Wall Street Journal columnist Holman Jenkins describes today’s antitrust regime as a “machine running downhill toward decadence.” Another slice:

A distinctly new era of ridiculousness, though, may have been inaugurated with the Trump administration’s failed case to break up the merger of AT&T and Time Warner, a meritless lawsuit launched (and disposed of by the courts) for political reasons that only began with then-President Trump’s animus for CNN (a Time Warner cable channel).

Is Lina Khan, the Biden administration’s Federal Trade Commission chief, about to commit a similar folly over Microsoft’s videogame deal?

She owes her position to a graduate-school paper she wrote decrying Amazon as an antitrust threat; she was hired to fulfill a Biden woke talking point about Big Tech. But though the Activision deal qualifies as big and Microsoft qualifies as tech, a case would hardly fit the bill in any other way. In desperation, advocates of a lawsuit point to Microsoft’s incentive to make certain games exclusively for its own Xbox platform. But even so, Microsoft would have every incentive also to make games for rival platforms and the world’s six billion-plus smartphones. How is this even a fit concern for the coercive powers of the state?

Ms. Khan is perhaps supple enough of mind to be rethinking already her youthful priors as a result of the demand she’s feeling to bring an ill-advised lawsuit.
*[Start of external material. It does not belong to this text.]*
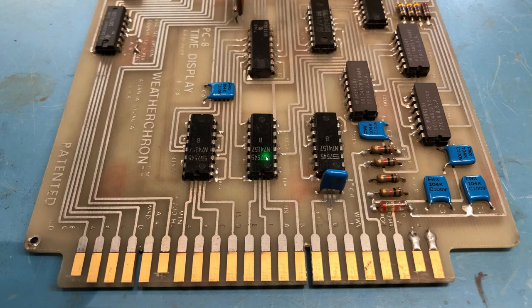Getting in here to the 74157s, which are multiplexers — I'm almost certain they're multiplexers, I'd have to look it up. It gets interesting on the back of the board, where as I recall there are multiple inputs for hours.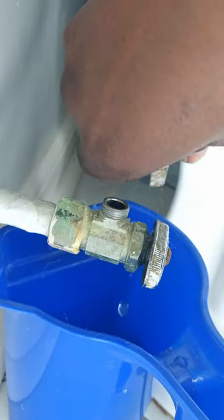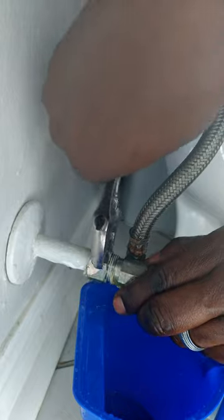Remove the waterline hose. Loosen the compression nut, then remove the valve ring and compression nut.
Maybe she will become a libertarian (antitrust has that effect on people when seen up close).

Randy Holcombe has read carefully Justice Alito’s leaked draft opinion in Dobbs.
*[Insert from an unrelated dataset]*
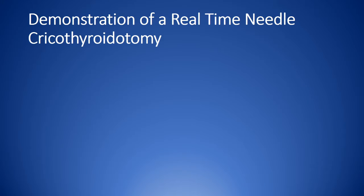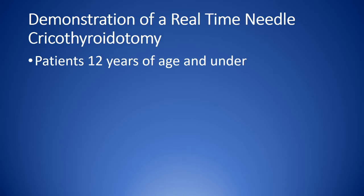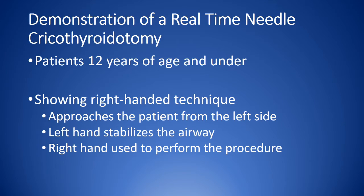At this time we are going to demonstrate the needle cricothyroidotomy in a patient age 12 or under in real time. I am a right-handed surgeon, so I will approach the patient for a needle cricothyroidotomy from the left side so that I can use my left hand to stabilize the airway and use my right hand for the procedure.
GMU Econ alum Rosolino Candela celebrates the great GMU Econ emeritus professor Richard Wagner upon his, Wagner’s, retirement. A slice:

There are rare instances in one’s life where one can reflect back and say that they were in the presence of greatness and were aware of it. As I reflect back on my experience as a student of Professor Richard Wagner in his Ph.D. courses at George Mason University, this was certainly one of those rare instances for me. His ability to communicate simple yet profound points in economics (for example, “prices are a set of traffic signals, not a set of marching orders” or “the magic number in markets is 2, and the magic number in politics is 3”) is unmatched by any living economist from whom I have had the privilege of learning. Moreover, if I have learned anything from Professor Wagner, it is imperative to take our existing body of knowledge and be creative as a teacher to communicate such knowledge in new and effective ways.

Reason‘s Robby Soave explains that blame for the baby-formula shortage in the U.S. belongs to the FDA.

James Patterson is rightly appalled by Adrian Vermeule’s “common good constitutionalism.”

Andy Morriss and Charlotte Ku explain how “International Financial Centres (IFCs) enable solutions to one of law’s most important problems: how to make credible commitments over time.”